This ad for Barclays Bank mobile phone payment service currently airing on UK TV is a curious and rather clever egg. On the one hand it might seem to be resorting to the blokey, ‘regular guy’ clichés of the world as imagined/constructed by traditional advertising – Tradland. On the other, it deliberately goes against them, trying to appeal to the male viewer’s ‘blokey’ anxiety that he might be left ‘awkwardly on the edge of his friendship circle’.
Whoa! Isn’t that the kind of talk that used to be reserved for women’s magazines? OK, the voiceover is a slightly ironic-sounding Irish accent but nonetheless…. Plus in Tradland blokey advertising would often be based on exploiting anxiety about being ‘excluded’ – about being ‘that guy’ – but wouldn’t directly spell it out. That would be gay.
The number is wrong too, in Tradland terms. Three is the safe number for an all-male group. A couple of guys could be a couple – so a third was usually added to chaperone them. But four guys, as in this ad, could be two couples. And in fact, I’m fairly sure that this ad doesn’t want to exclude the possibility of gayness in this (not entirely white – and also gingerish) ‘friendship circle’ altogether.
I’m sure Barclays have done their market research and discovered that young men today are a different species to their dads – with many of them happy to kiss their male friends ‘because I love them’. Young men don’t mind and in fact enjoy showing that they need and value their mates. With cute little ‘thank you’ pictures.
Yes, the mates in this Barclays ‘friendship circle’ are depicted doing fairly traditional blokey activities, such as ‘having an Indian’, playing Playstation (a new male ‘tradition’) and going to the footie – but they all appear delightfully drippy and there’s no ‘reassuring’ machismo on display at all.
Perhaps though they should have been depicted snuggled up on the sofa watching The Great British Bake Off on TV, which last week succeeded in persuading more men to tune in than the Arsenal Championship League qualifier.

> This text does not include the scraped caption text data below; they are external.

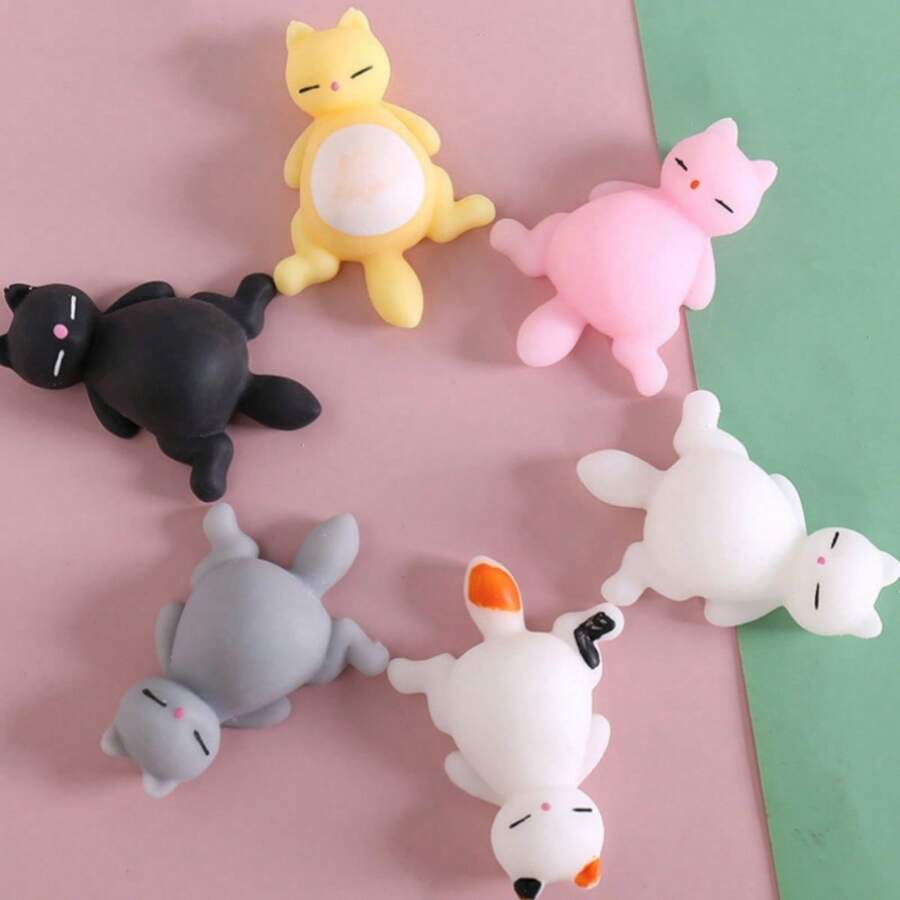 3 piezas/6 piezas de juguetes de goma suave de gato travieso, novedosos gatitos como juguetes de alivio de estrés - Multicolor - Ver 1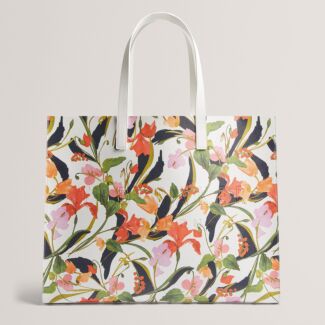 FLORISH Cream Floral Printed Extra Large Icon Bag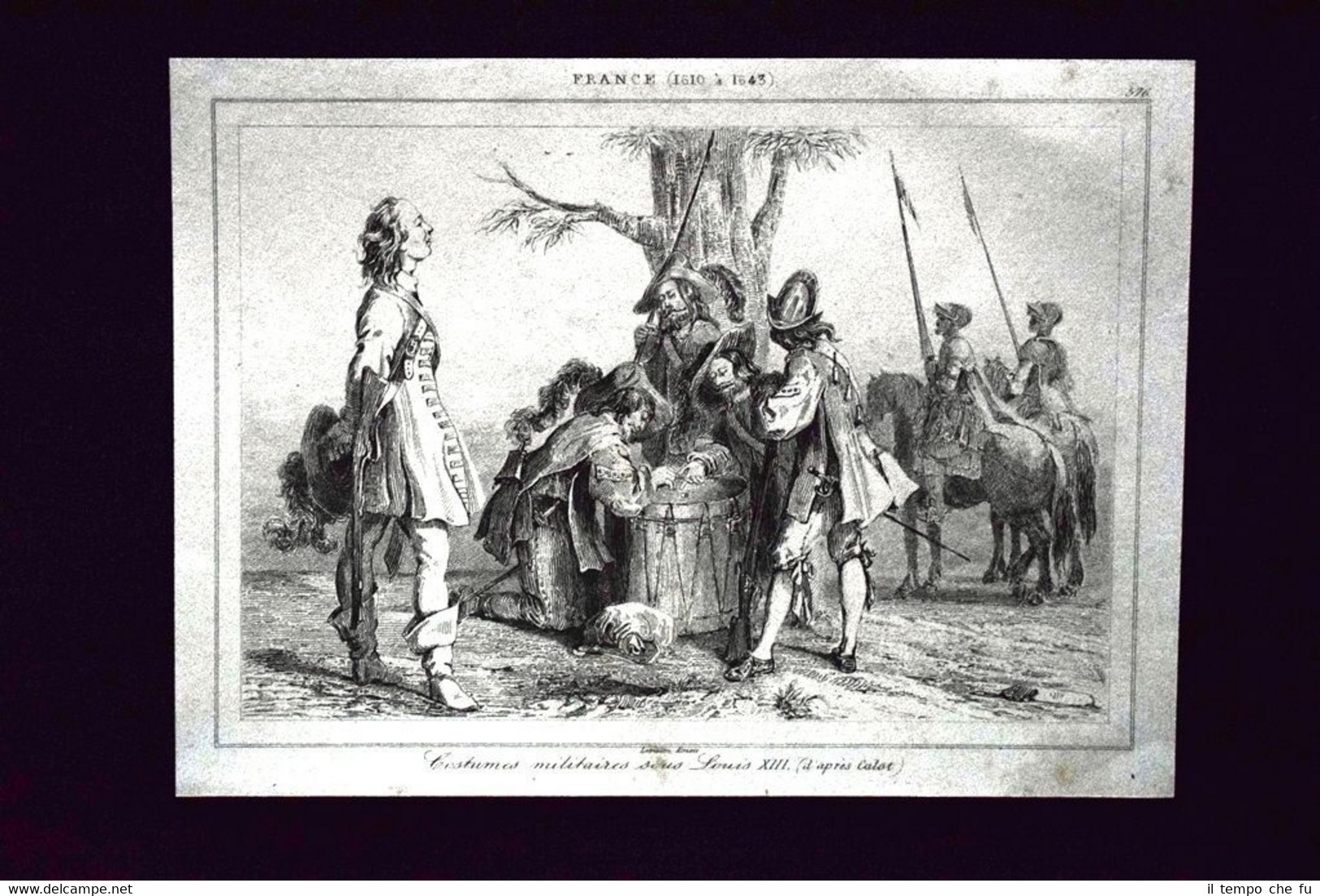 Costumes militaires sous Louis XIII Incisione del 1850 L'Univers pittoresque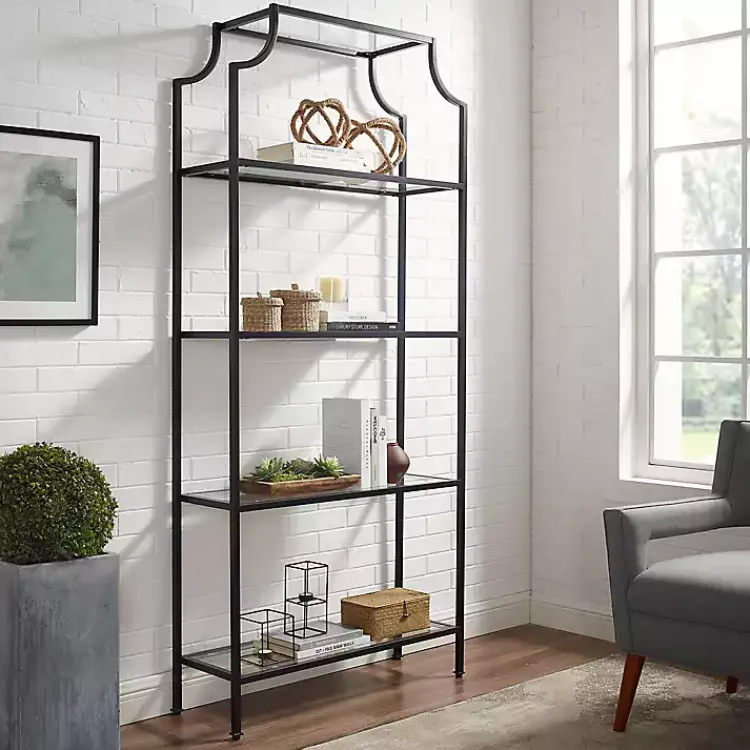 Cabinets & Sideboards-Kirklands Home Oil-Rubbed Bronze 4-Tier Glass Ashlee Etagere Brown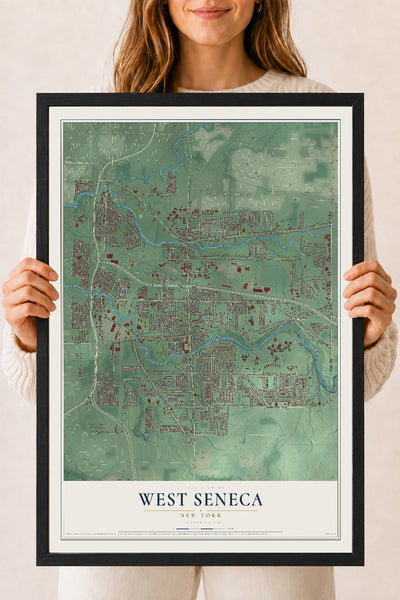 West Seneca, New York map print, 18" x 24" W/ Black Ayous Wood Frame mockup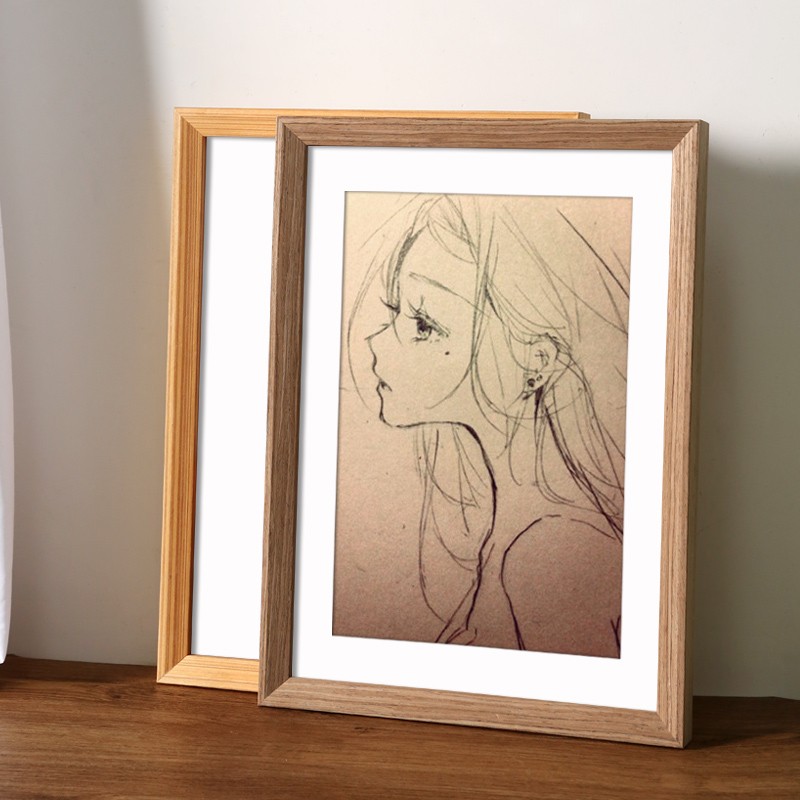 速发简约实画质大相框挂墙a4创意海报装裱木框12意16任寸尺寸外框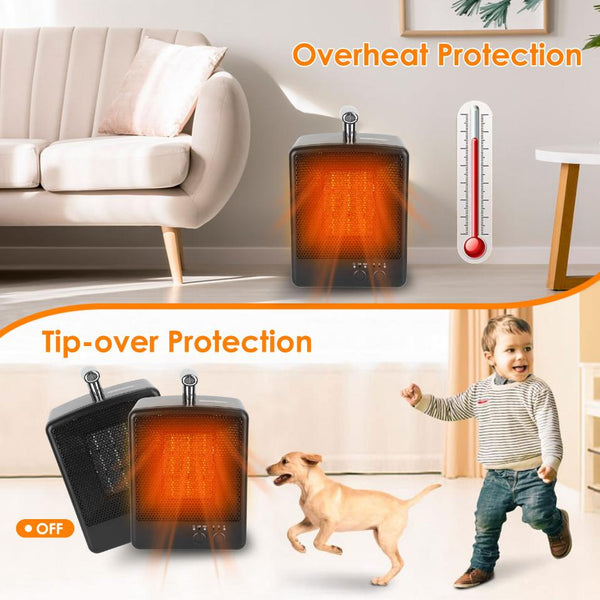 1000W Small Portable Electric Space Heater Personal Tip Over & Overheat Protection Adjustable Temp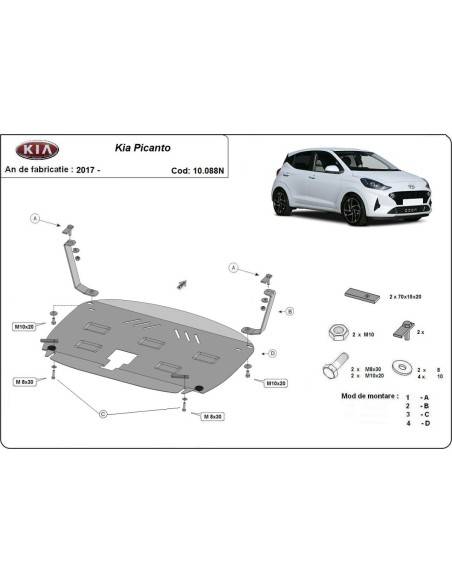 Cubre carter metalico Kia Picanto "10.088" (Desde 2017 hasta 2022)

I have to say however that I’m thoroughly unconvinced by the central premise of the ad. It seems to me that the instant money transfer facility of Pingit isn’t likely to save friendships but rather hasten their demise – with fiendish e-efficiency. After all, if you’re owed money by a chum you can now seethe with indignation all day and every day wondering why they haven’t pinged you your effing pizza money yet.